Once you reach the line with "Videojuegos FOUR KINGS CASINO AND SLOTS", transcribe it and every line after it to the end of the records, exactly, but not the pictures.

Working data:
———
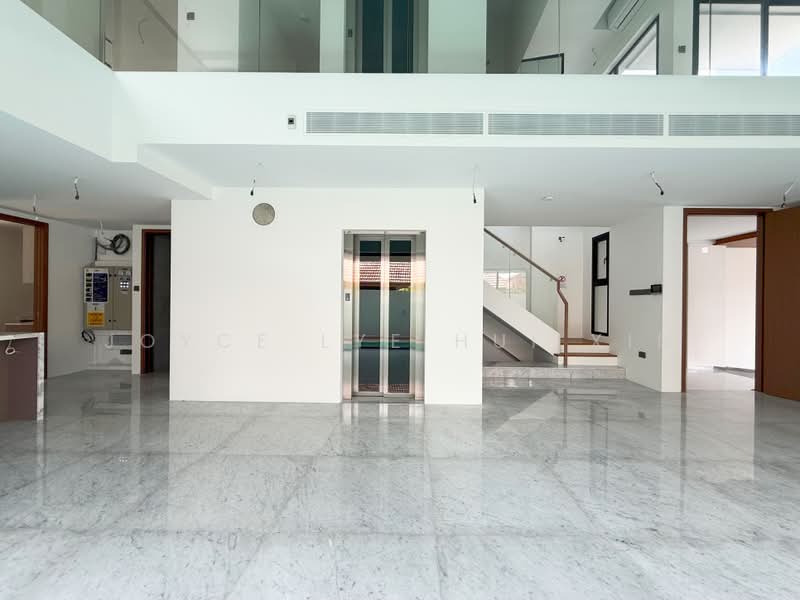 Serangoon Garden Estate, Brockhampton Drive, Hougang / Punggol / Sengkang, 6 Bedrooms, 7,460 sqft, Semi-Detached House For Sale, by Joyce Lye Hui Xin, 500220943 - Interior - PropertyGuru.com.sg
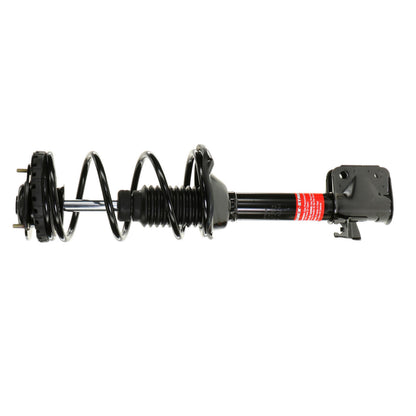 Monroe Shocks & Struts Suspension Strut and Coil Spring Assembly 172412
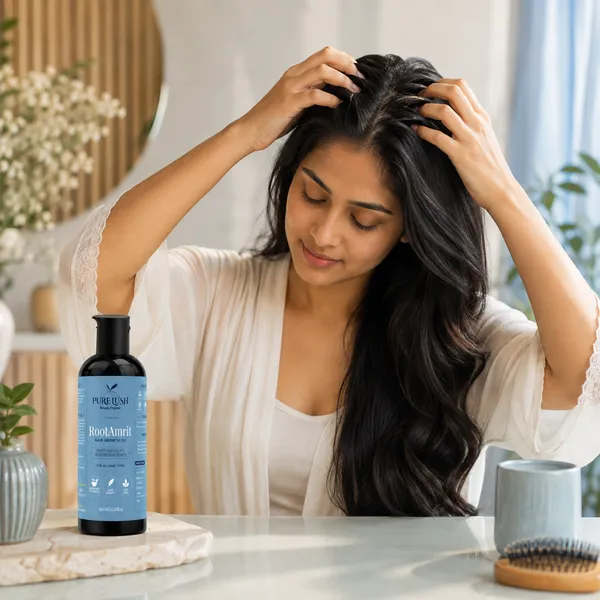 RootAmrit_Hair_Growth_Oil_With_Brahmi_&_Bhringraj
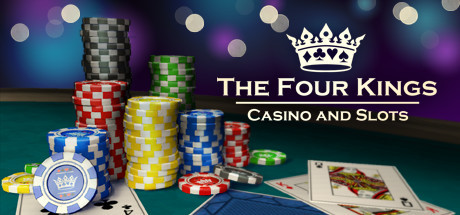 Videojuegos FOUR KINGS CASINO AND SLOTS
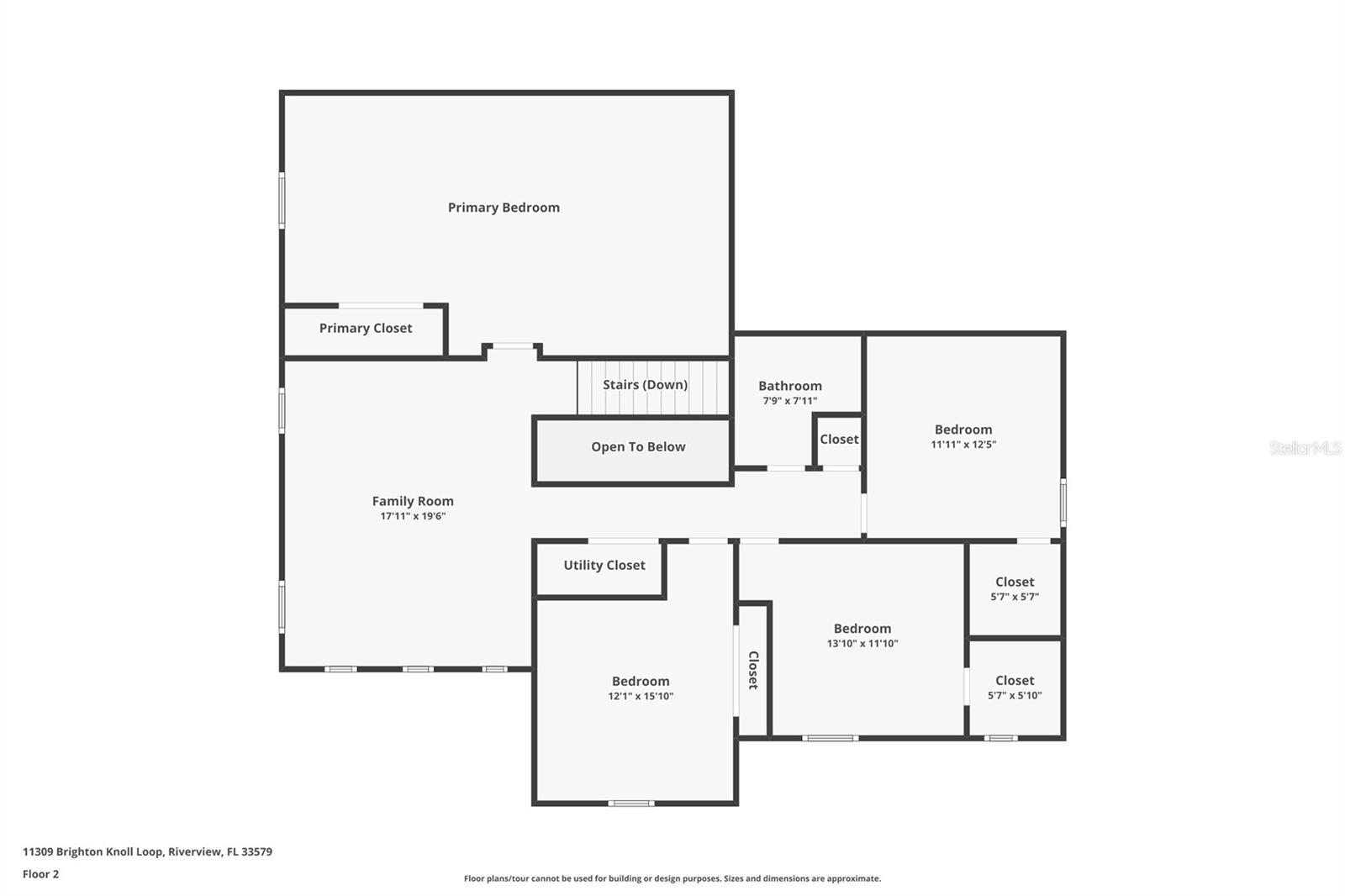 SOUTH FORK TR L PH 1 - Residential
———
Response to the exercise:
 Videojuegos FOUR KINGS CASINO AND SLOTS
 SOUTH FORK TR L PH 1 - Residential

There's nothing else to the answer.